FBI
Contract K-9s Sniff Out Lost Graves
Earnest Gardner was only 5 at the time,
but he remembers standing graveside as his 4-year-old brother Lucious was
lowered into the ground. It was 1940 and in a small segregated cemetery across
the dirt road from the family church on the eastern outskirts of Tallahassee,
Florida. A temporary marker was placed with intentions to put in a more
permanent stone, but life went on and, like many of the surrounding graves in
the once-abandoned Munree Cemetery, the wooden marker decayed, leaving the plot
unnamed.

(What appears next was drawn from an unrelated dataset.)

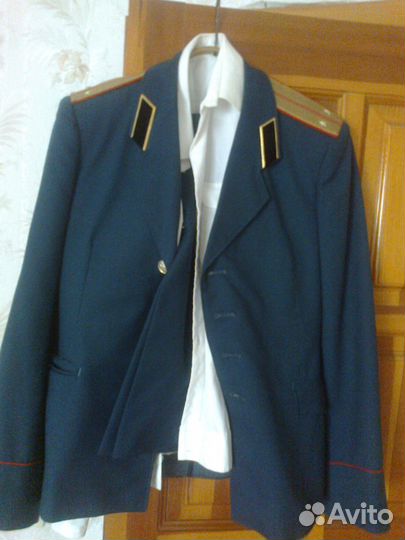 Продаю парадную офицерскую форму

Seventy-two years later on a recent sticky summer morning, Gardner
returned to watch a coordinated effort of volunteers uncover and properly
preserve the resting places of his brother and an estimated 250 others buried
on the five-acre site.
Working the scene of oaks and tangled
vines were two unexpected volunteers named Maggie and Dixie. One an Australian
shepherd, the other a German shepherd mix, the two human remain detection (HRD)
dogs dodged back and forth through the underbrush, noses to the ground. Their
handler and trainer, Lisa Higgins of Louisiana, watched closely as her canine
partners separately worked the scene.
“To the dogs, this is like scent
overload. It’s everywhere,” she explained. “They have to find the little places
where the scent is strongest. That’s where they’re going to give us indication
points.”
A veteran of HRD, Higgins has been
working on a contract basis with the FBI since 1991. The job has taken her from
Alaska to Puerto Rico and many points in between to assist with various cases.

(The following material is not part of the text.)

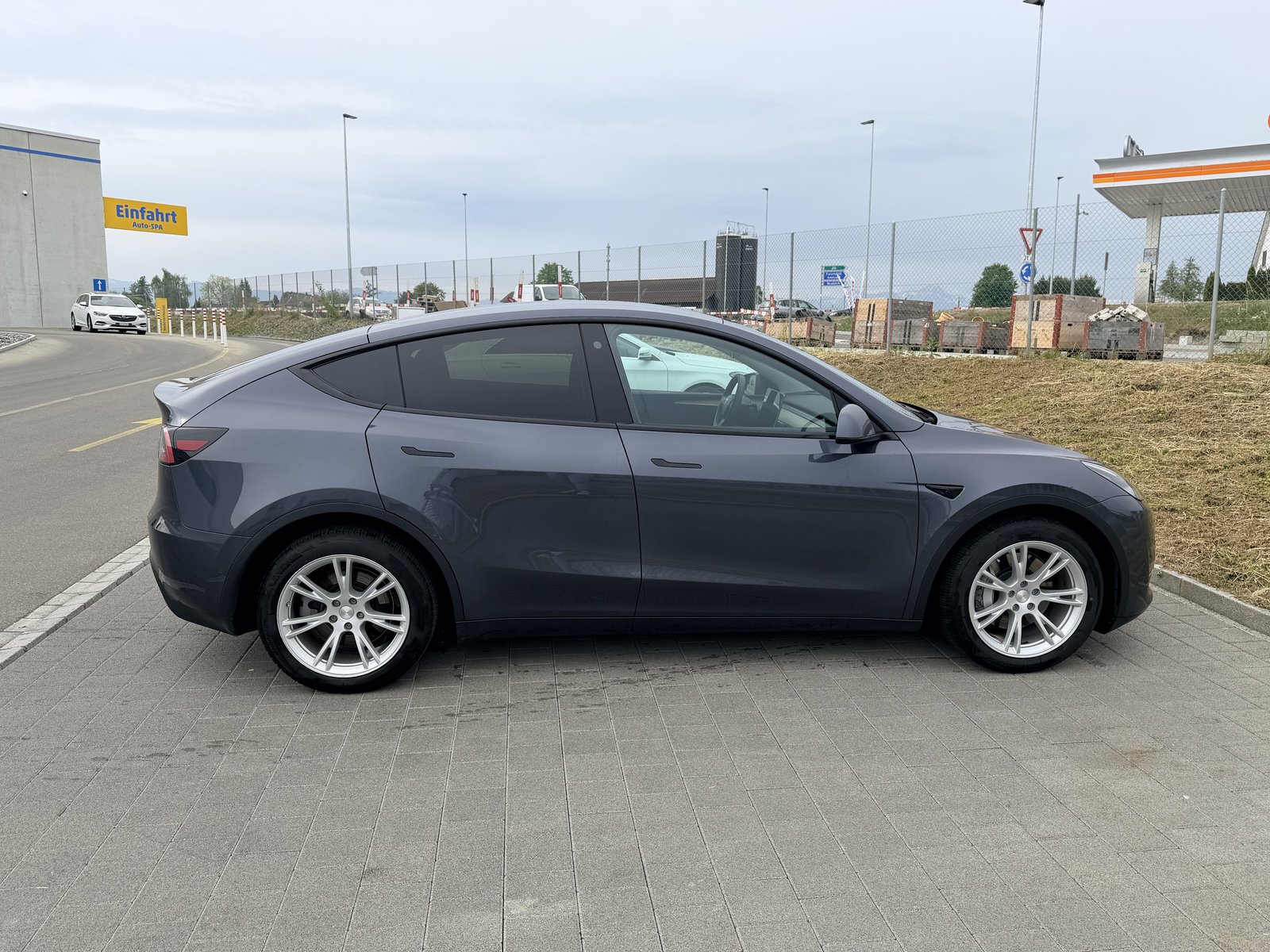 TESLA Model Y Long Range D, Électrique, Occasion / Utilisé, Automatique - 3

Her dogs have located human remains dating back to the late 15th century and
have worked sites with suspected remains as old as 800 A.D. Watching closely
while Maggie circled an area of interest, Higgins explained the extensive
training she goes through with her dogs to get them to the point of discerning
between scents.
“It’s not pleasant,” she said, smiling.
It requires a steady supply of decaying
flesh, which is usually supplied by road kill she picks up. At the scene of an
investigation, she refreshes the dog’s sensitivities with a sealed sample of
human remains she packs with her gear. Despite the potential “gross out”
factor, Higgins has gotten her granddaughter interested in the field. At only
12, Haylee Carney travels with her grandmother to various scenes and has even
taken a few college-level forensics classes. At Munree Cemetery, she got a
chance to let her own HRD dog-in-training, Jayda, sniff the grounds.
Among the crowd of volunteers was FBI
Special Agent Michelle Wyckoff. She scanned the terrain with a metal detector
to look for rusting spars of iron, commonly left behind as temporary grave
markers. A member of the Panhandle Archeological Society at Tallahassee,
Wyckoff helped coordinate the use of the FBI canine resource after seeing
Higgins and her dogs on the job for past cases.
“The Munree project is truly a unique
example of the FBI working with the local community to recover the history of a
Florida cemetery while exposing Florida archeologists and anthropologists to
proven recovery tools and techniques,” Wyckoff said.
The data collected at Munree Cemetery,
including scans with ground-penetrating radar taken by the National Park
Service’s Southeast Archaeological Center, is still under analysis, according
to the Florida Public Archaeology Network outreach coordinator Barbara Hines.
Many local residents and others involved are hopeful the effort with give a
more complete picture of those laid to rest at Munree Cemetery. For Earnest
Gardner, just seeing so many people come together for the cause is a success in
itself.
“God let me live to walk the ground
where my brother was laid,” he said. “It brought him back to me to see all
these people honor him by searching.”